File reports that can hold up when enforcement gets involved.

Sometimes we catch active operations. More often we find the aftermath: fresh stumps, tracks, newly carved access routes, and the ugly geometry of human greed.

I love flying. I got my pilot’s license right after college and scraped my way into helicopter training with odd jobs and stubbornness. There’s something about being up there—seeing ridge after ridge fold into the distance—that makes me feel small in a way I actually like. The Cascades look endless from above, like the mountains are quietly refusing to be fully owned by maps.

That November morning started like any other.

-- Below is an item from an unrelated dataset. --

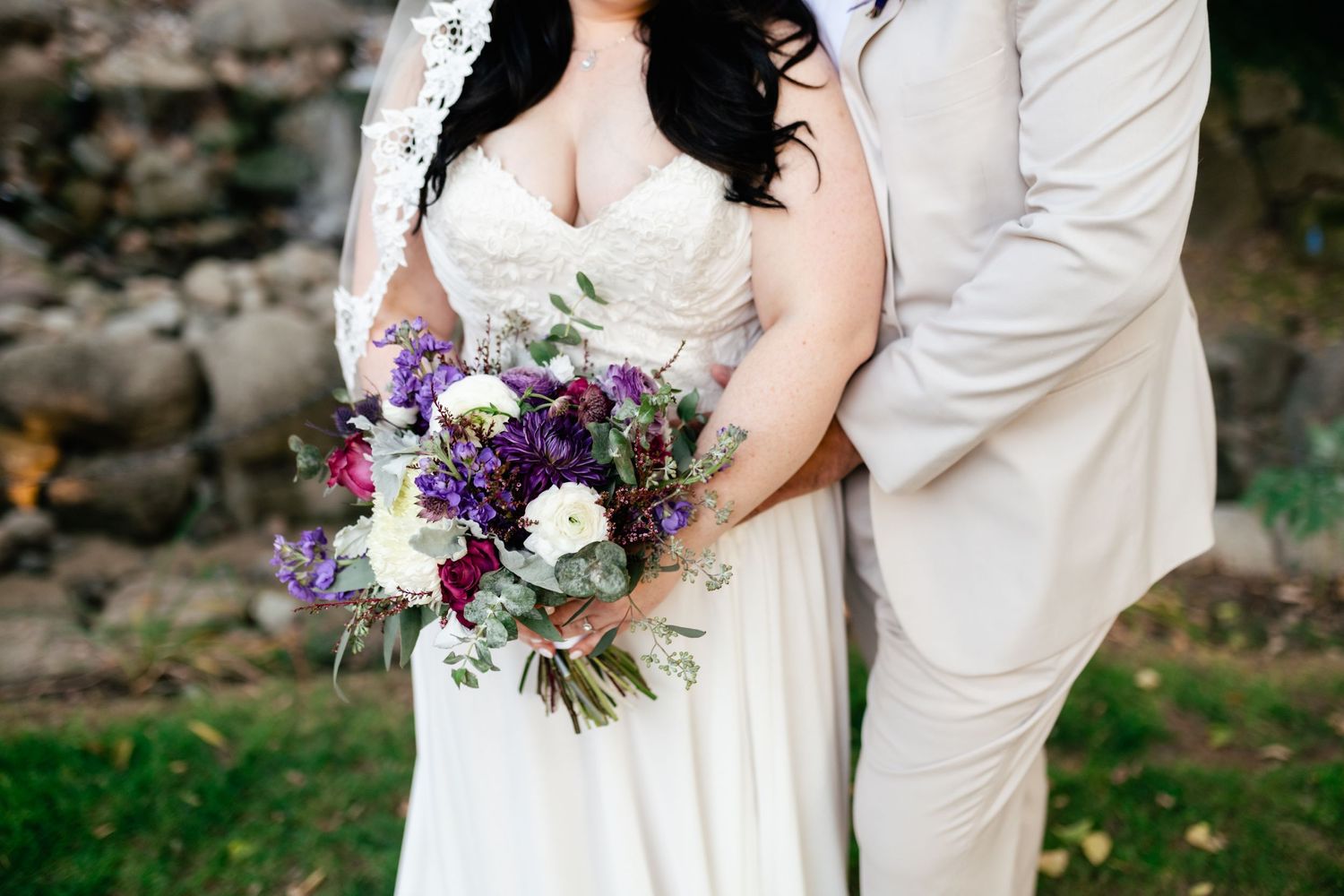 A bride in a white dress holds a stunning purple and white bouquet while posing with her groom.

And that’s the part that still gets me.

2) The Passenger: A Friend and a Favor

A week earlier, we’d received reports of unauthorized tree cutting in a protected zone about sixty miles northeast of our regional headquarters. Old growth. Off-limits. If the report was accurate, it wasn’t a small violation; it was the kind that makes your stomach tighten even before you see it.

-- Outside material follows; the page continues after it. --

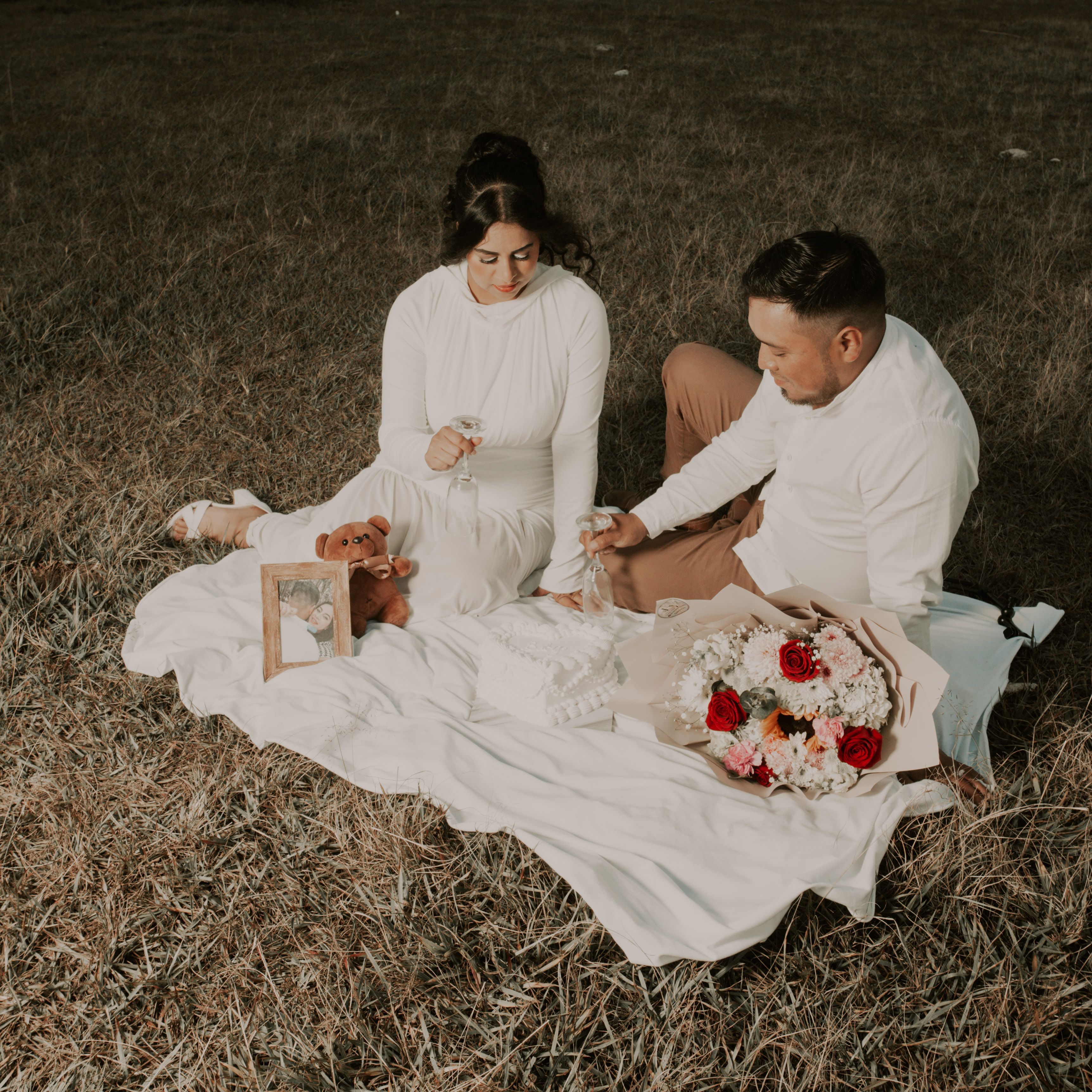 A couple enjoys a romantic picnic on a grassy field, complete with flowers and sentimental items.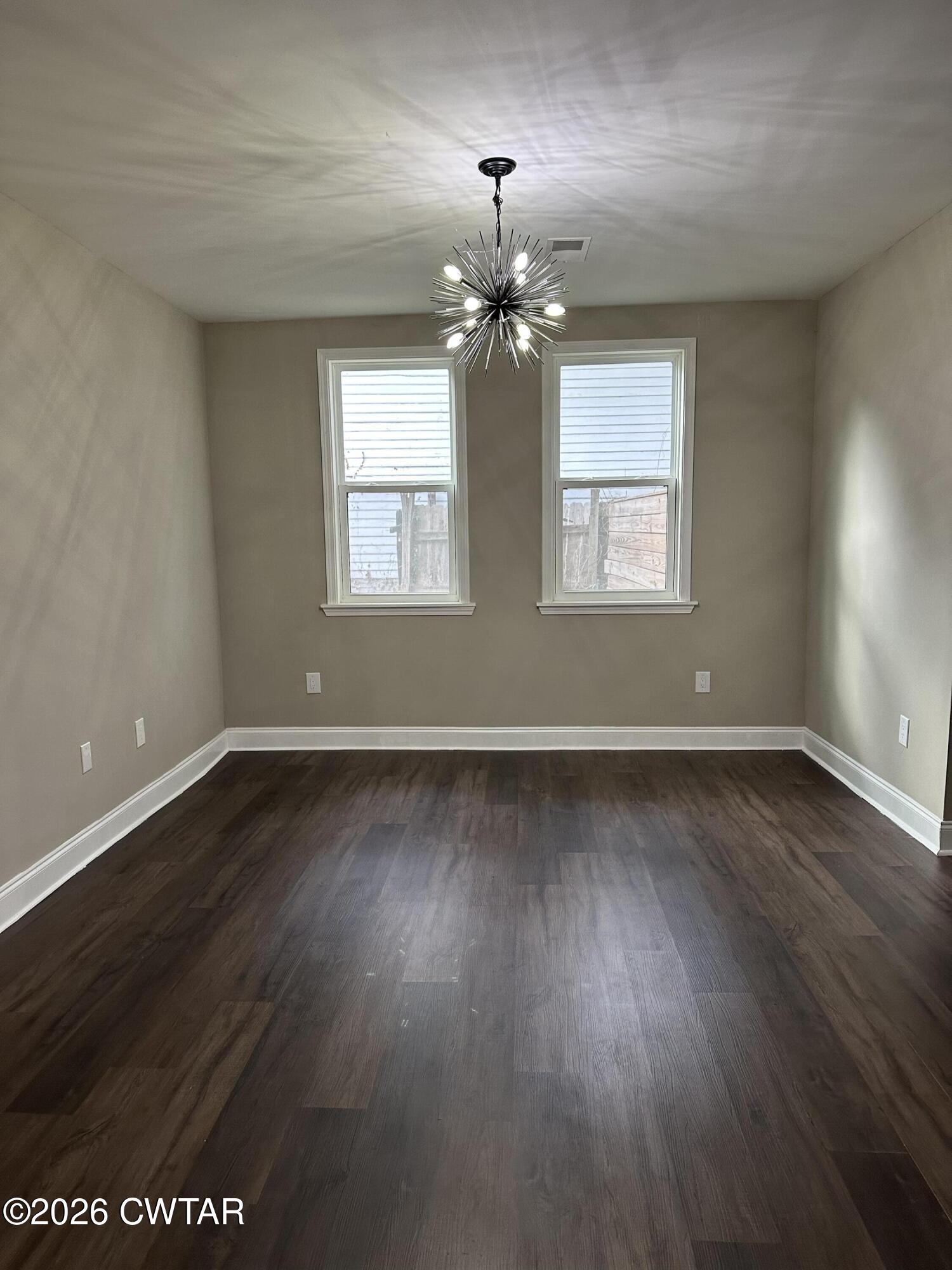 237 Talbot Street Jackson, TN 38301 - Photo 25 of 38 wooden floor in an empty room with a window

The forecast was perfect—clear skies, fresh snow overnight, cold but stable air. Ideal flying. Ideal visibility. Ideal for catching tracks and disturbances.

I also had a passenger that day.

An old buddy from high school—construction guy now, good head on his shoulders, enthusiastic about anything with engines. He’d been begging for years to ride along on a patrol flight, just to see the mountains from a helicopter, to see what my job actually looked like.

Regulations aren’t casual about passengers on official flights, but this one was routine enough that the higher-ups approved it. No classified work. No active enforcement action. Just a damage assessment run.

He showed up at the airfield around 8:30 with a grin so big it looked like it hurt. I tried to lower expectations.

“Most of what we’ll see is… trees,” I told him. “And maybe a stump if we’re lucky.”

He didn’t care. He’d never been in a helicopter. The idea of being in the air over the Cascades was enough.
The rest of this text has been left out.